>>

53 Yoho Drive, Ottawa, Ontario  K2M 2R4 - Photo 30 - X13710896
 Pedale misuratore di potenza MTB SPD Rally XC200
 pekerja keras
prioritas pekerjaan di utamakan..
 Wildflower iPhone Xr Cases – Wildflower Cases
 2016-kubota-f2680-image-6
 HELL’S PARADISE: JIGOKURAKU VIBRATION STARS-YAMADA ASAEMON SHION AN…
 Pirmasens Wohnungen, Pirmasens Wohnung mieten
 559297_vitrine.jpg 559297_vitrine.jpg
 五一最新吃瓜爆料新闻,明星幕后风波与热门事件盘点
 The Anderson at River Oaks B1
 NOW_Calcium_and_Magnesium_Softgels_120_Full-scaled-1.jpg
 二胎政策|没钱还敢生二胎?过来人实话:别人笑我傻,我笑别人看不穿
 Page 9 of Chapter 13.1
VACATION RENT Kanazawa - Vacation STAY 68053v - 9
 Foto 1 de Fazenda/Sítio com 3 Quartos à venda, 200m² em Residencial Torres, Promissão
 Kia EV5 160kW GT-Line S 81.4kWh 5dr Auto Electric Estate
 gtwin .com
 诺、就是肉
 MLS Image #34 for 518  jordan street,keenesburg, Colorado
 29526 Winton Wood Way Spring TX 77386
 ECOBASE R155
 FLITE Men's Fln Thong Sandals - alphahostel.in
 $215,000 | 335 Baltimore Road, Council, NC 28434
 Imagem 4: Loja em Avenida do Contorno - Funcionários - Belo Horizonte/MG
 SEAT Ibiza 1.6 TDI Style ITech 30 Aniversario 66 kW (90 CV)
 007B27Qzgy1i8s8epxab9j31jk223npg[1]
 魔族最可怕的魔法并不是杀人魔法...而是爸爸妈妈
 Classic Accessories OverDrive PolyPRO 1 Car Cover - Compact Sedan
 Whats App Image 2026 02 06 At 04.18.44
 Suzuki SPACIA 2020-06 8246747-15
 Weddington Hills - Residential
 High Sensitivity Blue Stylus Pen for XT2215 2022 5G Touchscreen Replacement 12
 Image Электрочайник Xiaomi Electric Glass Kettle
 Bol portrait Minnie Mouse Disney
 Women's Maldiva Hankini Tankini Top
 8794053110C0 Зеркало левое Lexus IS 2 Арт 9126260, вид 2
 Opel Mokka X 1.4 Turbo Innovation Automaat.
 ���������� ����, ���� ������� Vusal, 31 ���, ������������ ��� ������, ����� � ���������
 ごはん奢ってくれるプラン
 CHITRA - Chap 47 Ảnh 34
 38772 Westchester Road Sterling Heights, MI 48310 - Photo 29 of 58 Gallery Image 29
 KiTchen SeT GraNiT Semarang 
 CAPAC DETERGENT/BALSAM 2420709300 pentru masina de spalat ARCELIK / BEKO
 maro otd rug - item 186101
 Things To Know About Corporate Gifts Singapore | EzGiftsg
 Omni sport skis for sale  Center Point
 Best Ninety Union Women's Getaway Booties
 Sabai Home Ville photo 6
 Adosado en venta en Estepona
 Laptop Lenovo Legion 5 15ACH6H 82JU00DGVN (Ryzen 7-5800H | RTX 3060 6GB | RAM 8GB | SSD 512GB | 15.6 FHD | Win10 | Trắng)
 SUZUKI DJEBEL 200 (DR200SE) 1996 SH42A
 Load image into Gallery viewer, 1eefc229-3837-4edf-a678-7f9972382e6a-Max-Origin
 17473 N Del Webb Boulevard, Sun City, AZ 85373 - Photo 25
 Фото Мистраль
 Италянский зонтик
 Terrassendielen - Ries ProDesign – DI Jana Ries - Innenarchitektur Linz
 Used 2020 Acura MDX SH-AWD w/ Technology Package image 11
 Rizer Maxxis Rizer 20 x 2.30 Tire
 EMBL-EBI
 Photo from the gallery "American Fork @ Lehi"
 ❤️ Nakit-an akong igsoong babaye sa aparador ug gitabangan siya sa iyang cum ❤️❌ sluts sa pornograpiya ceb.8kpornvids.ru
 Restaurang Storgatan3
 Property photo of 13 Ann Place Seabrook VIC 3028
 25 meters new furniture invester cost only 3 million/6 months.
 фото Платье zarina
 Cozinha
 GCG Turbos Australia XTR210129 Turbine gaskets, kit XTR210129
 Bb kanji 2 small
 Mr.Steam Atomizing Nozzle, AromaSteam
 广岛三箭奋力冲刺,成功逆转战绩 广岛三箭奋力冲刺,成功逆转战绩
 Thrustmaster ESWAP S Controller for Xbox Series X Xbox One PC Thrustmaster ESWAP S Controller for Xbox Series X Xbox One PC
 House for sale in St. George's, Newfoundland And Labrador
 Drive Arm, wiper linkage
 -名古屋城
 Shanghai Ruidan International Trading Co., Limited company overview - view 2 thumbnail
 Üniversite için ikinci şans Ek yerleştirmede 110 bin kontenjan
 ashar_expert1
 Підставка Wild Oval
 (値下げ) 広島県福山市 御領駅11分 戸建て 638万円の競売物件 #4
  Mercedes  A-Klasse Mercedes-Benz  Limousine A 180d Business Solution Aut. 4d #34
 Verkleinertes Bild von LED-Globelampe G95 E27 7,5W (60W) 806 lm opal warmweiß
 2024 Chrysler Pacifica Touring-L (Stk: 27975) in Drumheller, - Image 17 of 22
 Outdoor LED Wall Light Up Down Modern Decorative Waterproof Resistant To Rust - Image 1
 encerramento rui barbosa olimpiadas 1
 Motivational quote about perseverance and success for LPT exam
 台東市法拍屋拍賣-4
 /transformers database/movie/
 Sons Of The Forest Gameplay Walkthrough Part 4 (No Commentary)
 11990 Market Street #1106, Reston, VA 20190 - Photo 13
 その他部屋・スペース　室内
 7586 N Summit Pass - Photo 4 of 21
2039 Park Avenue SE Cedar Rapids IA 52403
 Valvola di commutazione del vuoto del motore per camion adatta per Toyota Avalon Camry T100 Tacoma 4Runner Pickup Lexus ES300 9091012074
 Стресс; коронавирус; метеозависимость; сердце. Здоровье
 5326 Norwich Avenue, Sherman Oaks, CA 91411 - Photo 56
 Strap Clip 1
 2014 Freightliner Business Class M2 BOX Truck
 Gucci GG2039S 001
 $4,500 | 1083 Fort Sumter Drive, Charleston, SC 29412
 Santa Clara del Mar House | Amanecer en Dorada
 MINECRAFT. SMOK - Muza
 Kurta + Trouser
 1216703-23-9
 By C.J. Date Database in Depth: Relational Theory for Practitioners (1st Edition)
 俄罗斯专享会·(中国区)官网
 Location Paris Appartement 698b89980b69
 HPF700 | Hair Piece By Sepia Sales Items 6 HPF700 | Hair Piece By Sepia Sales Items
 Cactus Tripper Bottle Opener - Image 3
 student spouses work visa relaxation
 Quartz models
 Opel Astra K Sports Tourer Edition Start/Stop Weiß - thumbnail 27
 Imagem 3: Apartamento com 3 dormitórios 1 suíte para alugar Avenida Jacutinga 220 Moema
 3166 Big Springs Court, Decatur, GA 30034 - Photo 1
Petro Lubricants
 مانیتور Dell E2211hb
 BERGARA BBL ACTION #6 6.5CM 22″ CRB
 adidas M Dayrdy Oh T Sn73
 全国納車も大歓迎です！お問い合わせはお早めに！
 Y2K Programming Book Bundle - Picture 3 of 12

<<

TASK OBJECTIVE: Every line in the listing that holds the string "House" should be copied out.

RESPONSE BELOW:
 House for sale in St. George's, Newfoundland And Labrador
 Santa Clara del Mar House | Amanecer en Dorada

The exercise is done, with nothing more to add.